Jason Gillespie, one of Australian cricket’s great bowlers until he retired in 2006, became a vegan during his highly successful five-year stint as coach of Yorkshire. Gillespie, who buys clothes in charity shops to support recycling, caused a stir when he suggested that a way should be found of making cricket balls without using leather, and when he questioned Yorkshire’s need to have a dairy company as a main sponsor. “Hopefully one day the dairy industry can be shut down,” he said at the time.

Wimbledon champion Venus Williams



Wimbledon champion Venus Williams admits she doesn’t stick to the vegan lifestyle. Photograph: Matthew Childs/Reuters

Gillespie is far more committed than most of the big-name vegans in sport, but he agrees with Vince. “People who choose the vegan lifestyle on compassionate grounds will more likely stay with it as opposed to people who choose to eat vegan purely for performance or as a diet,” Gillespie said from his home in Adelaide. “I have no problem with athletes eating vegan purely for performance. If the vegan message is getting out there then that is a step in the right direction.

“There is more awareness about veganism these days compared to when I was playing. I believe the vegan food industry is going to really expand in the next five years. It’s very exciting.”

Brenda Carey, owner and editor of Vegan Health and Fitness magazine in the US, is more wary than welcoming. “As an idealist, I wish that everyone would choose to eat vegan to relieve the suffering of animals. I also wish that everyone would care enough about the environment to want to avoid animal products as the number one cause of environmental destruction on the planet.

“There are many top vegan athletes who are vegan for these reasons – and yes, they get a performance boost. However, there are many high-profile vegan athletes who never mention anything but their personal, selfish benefits from avoiding animal products and eating more plants. We call those people ‘plant-based’ as they do not embrace a full vegan lifestyle, they just eat plants.

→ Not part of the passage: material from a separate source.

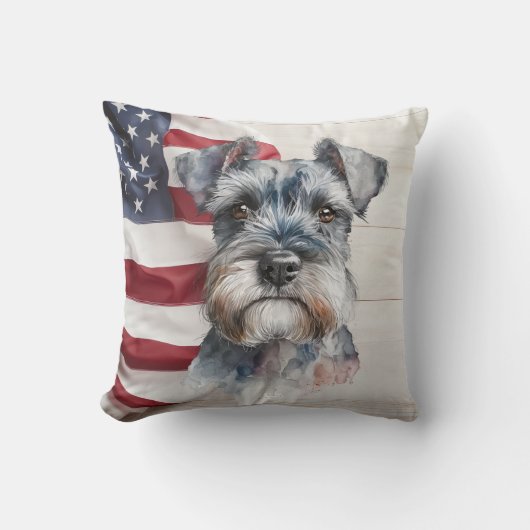 アメリカ国旗ミニチュアシュナウツァードッグ クッション (正面)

“I get concerned about the people who simply follow this behaviour because their favourite athlete or celebrity has done so. Unfortunately people who choose to ‘go vegan’, which often equates to merely eating plant-based, for selfish reasons such as performance benefits or weight loss, tend to be the ones who fall off the wagon and go back to eating animal products later.”

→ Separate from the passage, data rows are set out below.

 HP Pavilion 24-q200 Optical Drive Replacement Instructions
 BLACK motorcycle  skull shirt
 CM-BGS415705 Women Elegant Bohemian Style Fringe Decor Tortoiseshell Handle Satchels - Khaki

Carey is, though, a realist as well as an idealist, “so I’m just glad when anyone chooses to avoid eating animal products”.

The strongest sporting voice against uncommitted plant-eaters is Neil Robinson, who became the first vegan footballer in Britain, and, he thinks, the world. He played for Everton, Swansea and others in a 16-year career from 1974, and says football is still “in the stone age” for vegans. He is critical of “cheagans” and fad dieters.

“To a small degree I get what Dale [Vince] thinks but, I am a purist. I’m always sceptical when I hear that a sportsperson or celebrity has become ‘plant-based’ for health reasons. It dilutes veganism into being just a diet when in fact veganism is an ethos, a lifestyle of non-violence and compassion towards all living creatures.

“Football is still in the stone age when it comes to embracing veganism. Clubs these days employ ‘qualified’ nutritionists and it baffles me as to how these so-called experts can ignore the fact that animal foods are totally unnecessary for human health and, most importantly as far as they’re concerned, sporting performance. Individual sportsmen and women are now ‘getting it’ but the clubs and authorities, with the exception of Forest Green Rovers, appear to be aeons away from embracing the plant food age.”

Perhaps the best role model for plant-powered health is Fauja Singh, the 106-year-old runner who appeared alongside David Beckham in an advertising campaign and who ran the London marathon aged 101. He turned vegetarian in his 80s and eats mostly rotis, lentils, spinach and ginger. He takes only small portions and said:, “If you ask me, more people die from overeating than starvation.”

But when he wants a treat he goes to a place no vegan would ever visit – McDonalds, for a milkshake. A small one, of course.